Given entries:
--------
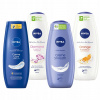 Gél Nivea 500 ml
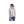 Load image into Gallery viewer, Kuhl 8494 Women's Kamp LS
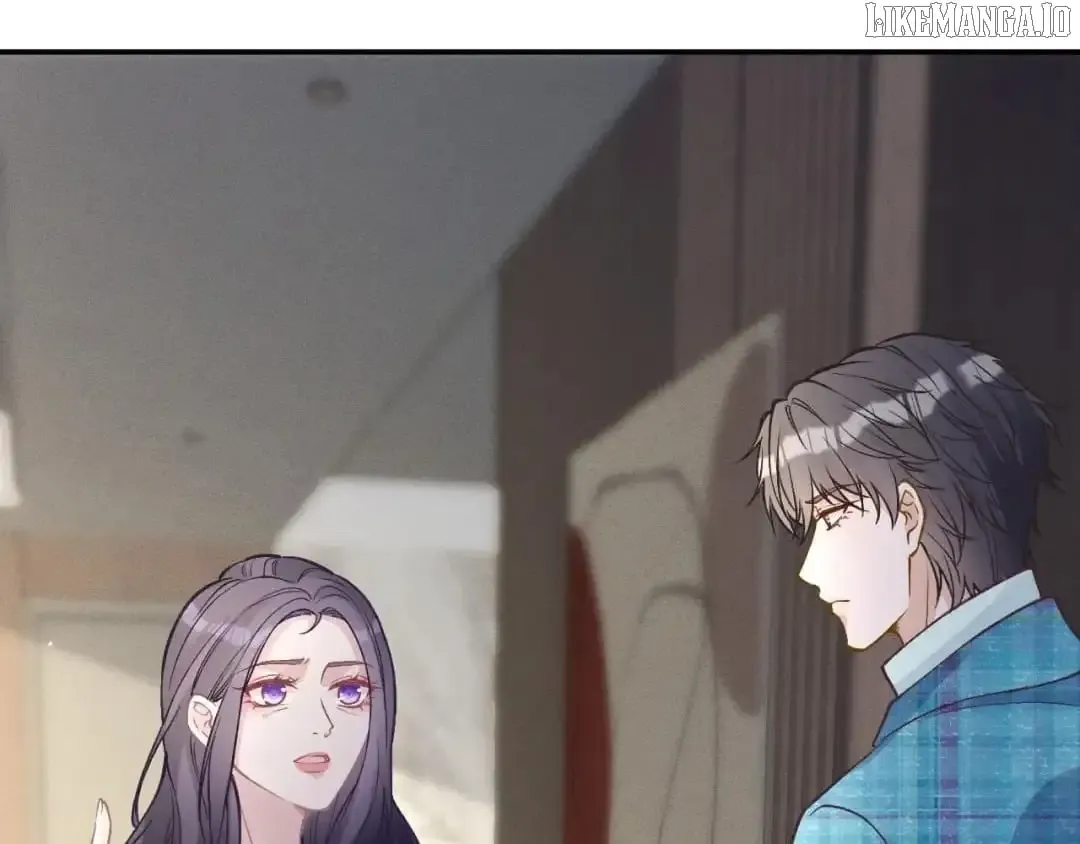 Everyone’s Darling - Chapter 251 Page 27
--------
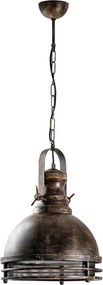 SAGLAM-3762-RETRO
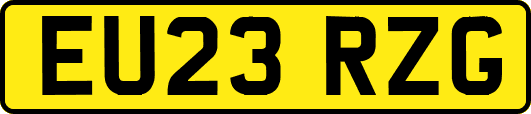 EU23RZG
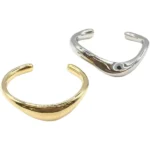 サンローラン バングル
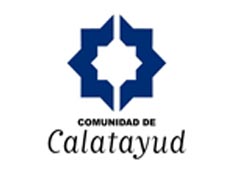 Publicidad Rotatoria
--------
Your assignment: Between and including the line with "SAGLAM-3762-RETRO" and the line with "Publicidad Rotatoria", repeat every line exactly as it appears above, with pictures left out.

Worked solution:
 SAGLAM-3762-RETRO
 EU23RZG
 サンローラン バングル
 Publicidad Rotatoria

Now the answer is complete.